2
votes

In s3 bucket daily new JSON files are dumping , i have to create solution which pick the latest file when it arrives PARSE the JSON and load it to Snowflake Datawarehouse. may someone please share your thoughts how can we achieve

4

4 Answers

3
votes

There are a number of ways to do this depending on your needs. I would suggest creating an event to trigger a lambda function.

https://docs.aws.amazon.com/lambda/latest/dg/with-s3.html

Another option may be to create a SQS message when the file lands on s3 and have an ec2 instance poll the queue and process as necessary.

https://docs.aws.amazon.com/AmazonS3/latest/dev/NotificationHowTo.html https://boto3.amazonaws.com/v1/documentation/api/latest/guide/sqs-example-long-polling.html

edit: Here is a more detailed explanation on how to create events from s3 and trigger lambda functions. Documentation is provided by Snowflake

https://docs.snowflake.net/manuals/user-guide/data-load-snowpipe-rest-lambda.html

0
votes

Look into Snowpipe, it lets you do that within the system, making it (possibly) much easier.

0
votes

There are some aspects to be considered such as is it a batch or streaming data , do you want retry loading the file in case there is wrong data or format or do you want to make it a generic process to be able to handle different file formats/ file types(csv/json) and stages. In our case we have built a generic s3 to Snowflake load using Python and Luigi and also implemented the same using SSIS but for csv/txt file only.

0
votes

In my case, I have a python script which get information about the bucket with boto.

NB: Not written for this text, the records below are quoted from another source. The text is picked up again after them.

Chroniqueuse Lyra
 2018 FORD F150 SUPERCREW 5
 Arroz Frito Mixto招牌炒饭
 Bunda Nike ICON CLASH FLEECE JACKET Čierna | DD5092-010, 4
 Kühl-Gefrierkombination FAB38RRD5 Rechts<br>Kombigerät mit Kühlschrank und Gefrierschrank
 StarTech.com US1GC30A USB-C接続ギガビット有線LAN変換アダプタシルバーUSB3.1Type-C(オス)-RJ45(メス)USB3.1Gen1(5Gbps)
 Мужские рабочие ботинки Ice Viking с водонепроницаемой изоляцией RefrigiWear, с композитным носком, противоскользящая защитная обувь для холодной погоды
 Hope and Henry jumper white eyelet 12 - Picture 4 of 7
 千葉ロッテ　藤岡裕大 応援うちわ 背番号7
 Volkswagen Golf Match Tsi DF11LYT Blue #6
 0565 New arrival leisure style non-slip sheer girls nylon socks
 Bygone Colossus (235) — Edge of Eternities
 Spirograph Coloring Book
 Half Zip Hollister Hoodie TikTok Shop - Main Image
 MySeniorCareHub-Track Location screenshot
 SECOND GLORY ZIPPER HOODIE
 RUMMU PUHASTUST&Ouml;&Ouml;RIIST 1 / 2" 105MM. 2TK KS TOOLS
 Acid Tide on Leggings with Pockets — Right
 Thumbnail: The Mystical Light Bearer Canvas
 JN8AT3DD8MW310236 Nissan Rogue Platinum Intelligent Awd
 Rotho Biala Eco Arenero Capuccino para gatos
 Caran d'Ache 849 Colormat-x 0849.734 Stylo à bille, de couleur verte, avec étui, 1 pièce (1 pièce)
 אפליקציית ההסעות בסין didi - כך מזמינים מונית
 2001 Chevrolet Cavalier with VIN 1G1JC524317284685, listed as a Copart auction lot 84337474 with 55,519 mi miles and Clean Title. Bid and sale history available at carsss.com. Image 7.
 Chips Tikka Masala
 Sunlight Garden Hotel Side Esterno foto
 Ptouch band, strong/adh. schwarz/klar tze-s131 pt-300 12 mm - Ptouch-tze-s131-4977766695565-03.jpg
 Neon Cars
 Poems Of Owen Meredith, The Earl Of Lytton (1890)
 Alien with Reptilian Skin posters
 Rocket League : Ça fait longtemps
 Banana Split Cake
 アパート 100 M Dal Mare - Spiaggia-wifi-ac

Once I detect a change, I call the REST Endpoint Insertfiles on SnowPipe.

Phasing:

  • detect S3 change
  • get S3 object path
  • parse Content and transform to CSV in S3 (same bucket or other snowpipe can connect)
  • Call SnowPipe REST API

What you need:

  • Create a user with a public key
  • Create your stage on SnowFlake with AWS credential in order to access S3
  • Create your pipe on Snowflake with your user role
  • Sign a JWT

I also tried with a Talend job with TOS BigData.

Hope it helps.